A sense of energy and accomplishment filtered back
into the Administration. Long before Election Day, books were being published
about its legacy: an economy steered clear of a beckoning Depression, the
rescue of the automobile industry, Wall Street reform, the banning of torture,
the passage of Obamacare, marriage equality, and the Lily Ledbetter Fair Pay
Act, the end of the war in Iraq, heavy investment in renewable-energy
technologies, the appointment of Sonia Sotomayor and Elena Kagan to the Supreme
Court, the killing of Osama bin Laden, the Iran nuclear deal, the opening of
Cuba, the Paris agreement on climate change, two terms long on dignity and
short on scandal. Obama’s approval ratings reached a new high. Clinton’s
election as the first female President would complete the narrative, and Obama,
his aides suggested, would be free to sit in the healing sun of Oahu and
contemplate nothing more rigorous than the unrushed composition of a
high-priced memoir.
Air Force One landed at Fort Bragg and the motorcade
headed to a gym packed with supporters at Fayetteville State University. In
shirtsleeves and with crisp, practiced enthusiasm, Obama delivered his campaign
stump speech.
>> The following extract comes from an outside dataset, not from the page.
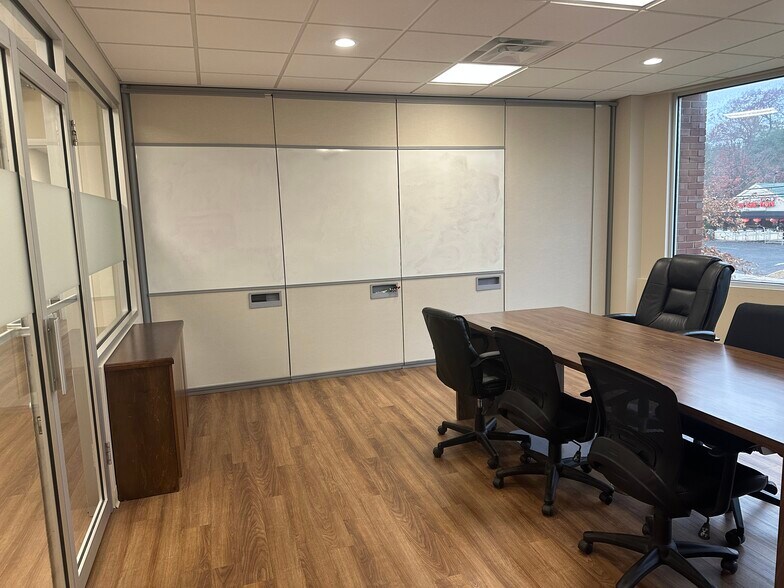 More Photos Of 1092 W Jericho Tpke, Commack Storefront Retail Office For Lease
His appeal for Clinton was rooted in the preservation of his own
legacy. “All the progress that we’ve made these last eight years,” he said,
“goes out the window if we don’t win this election!” He revived some of his
early tropes, cautioning the crowd not to be “bamboozled” by the G.O.P.—an echo
from Malcolm X—and recited the litany of Trump’s acts of disrespect toward
blacks, women, Muslims, the disabled, Gold Star parents.
I was standing to the side of the stage. Nearby, a
stout older man appeared in the aisle, dressed in a worn, beribboned military
uniform and holding a Trump sign. People spotted him quickly and the jeering
began. Then came the chant “Hil-la-ry! Hil-la-ry!”
Obama picked up the curdled vibe and located its
source. “Hold up!” he said. “Hold up!”
The crowd would not quiet down. He repeated the
phrase—“Hold up!”—sixteen more times, and still nothing. It took a long,
disturbing while before he could recapture the crowd’s attention and get people
to lay off the old man. What followed was a lecture in political civility.
“I’m serious, listen up,” he said. “You’ve got an
older gentleman who is supporting his candidate. . . . You don’t have to worry
about him. This is what I mean about folks not being focused. First, we live in
a country that respects free speech. Second of all, it looks like maybe he
might have served in our military, and we’ve got to respect that. Third of all,
he was elderly, and we’ve got to respect our elders. . . . Now, I want you to
pay attention. Because if we don’t, if we lose focus, we could have problems.”
That night in Hershey, Pennsylvania, Trump informed
his supporters that in Fayetteville Obama had been abusive to the protester:
“He spent so much time screaming at this protester and, frankly, it was a
disgrace.” Either Trump was retailing an account he’d found online in the
alt-right media or he was knowingly lying. In other words, Trump was Trump.